O estudo foi capa recente da revista Sustainable Energy & Fuels, da Royal Society of Chemistry. A pesquisa ainda rendeu uma premiação ao professor no Prêmio Paranaense de Ciência e Tecnologia, iniciativa do governo do Paraná que reconhece profissionais que contribuem para a produção científica e tecnológica do estado, entregue no último dia 28.

A motivação para o desenvolvimento da bateria, além de suas diferentes aplicações, também foi pensando na descarbonização da matriz energética, em uma busca por fontes de energia renováveis.

Há pouco tempo tivemos a COP 30, falando sobre energia limpa e como é fundamental que a gente elimine combustível fóssil, para parar de emitir gás carbônico”, afirma o docente. “Uma das formas de você pegar energia é solar. Mas e à noite, quando não tem sol, como fica? Precisamos de bateria para armazenar essa energia, por isso elas são extremamente importantes no processo de descarbonização e de energia limpa”.

Nanoarquitetura abre caminho para baterias de sódio

O lítio é um metal leve, com grande capacidade de armazenamento de energia, encontrado principalmente em salmouras de lagos salgados ou em pegmatitos, que são rochas ígneas que contêm cristais e minerais ricos em elementos raros.

De acordo com o Serviço Geológico do Brasil (SGB), Chile, Austrália, Argentina e China detêm juntos cerca de 95% das reservas de lítio atualmente conhecidas no mundo. No Brasil, o metal é encontrado em depósitos de pegmatitos, especialmente nas áreas do Médio Jequitinhonha, em Minas Gerais, e da Província Pegmatítica da Borborema, na região Nordeste.

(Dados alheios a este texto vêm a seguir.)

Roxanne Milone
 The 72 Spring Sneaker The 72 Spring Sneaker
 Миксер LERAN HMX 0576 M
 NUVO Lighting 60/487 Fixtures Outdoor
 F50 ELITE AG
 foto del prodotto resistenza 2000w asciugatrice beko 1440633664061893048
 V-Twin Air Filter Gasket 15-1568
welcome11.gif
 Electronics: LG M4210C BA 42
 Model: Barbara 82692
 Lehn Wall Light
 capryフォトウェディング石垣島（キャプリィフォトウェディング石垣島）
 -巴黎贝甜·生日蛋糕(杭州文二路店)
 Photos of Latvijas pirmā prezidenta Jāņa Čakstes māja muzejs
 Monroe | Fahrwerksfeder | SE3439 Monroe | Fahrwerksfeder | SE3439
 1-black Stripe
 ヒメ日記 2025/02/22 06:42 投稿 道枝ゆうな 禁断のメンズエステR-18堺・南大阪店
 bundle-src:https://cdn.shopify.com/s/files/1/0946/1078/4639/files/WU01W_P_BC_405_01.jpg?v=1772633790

“Por muito tempo, as baterias de íons de lítio dominaram a eletrônica portátil graças à sua alta capacidade de armazenamento e longa duração. A importância delas foi reconhecida até com o Nobel de Química de 2019 [para John B. Goodenough, M. Stanley Whittingham e Akira Yoshino, considerando as baterias de lítio uma revolução da eletrônica portátil]”, conta Maria Ramos.

“Mas nem tudo são flores: essas baterias usam solventes orgânicos tóxicos e inflamáveis, podem causar curto-circuito e até explodir. Além disso, dependem de reservas de lítio, que é um elemento químico escasso. São reservas concentradas em poucos países e causam um grande dano ambiental na sua extração, o que tornam essas baterias muito caras”.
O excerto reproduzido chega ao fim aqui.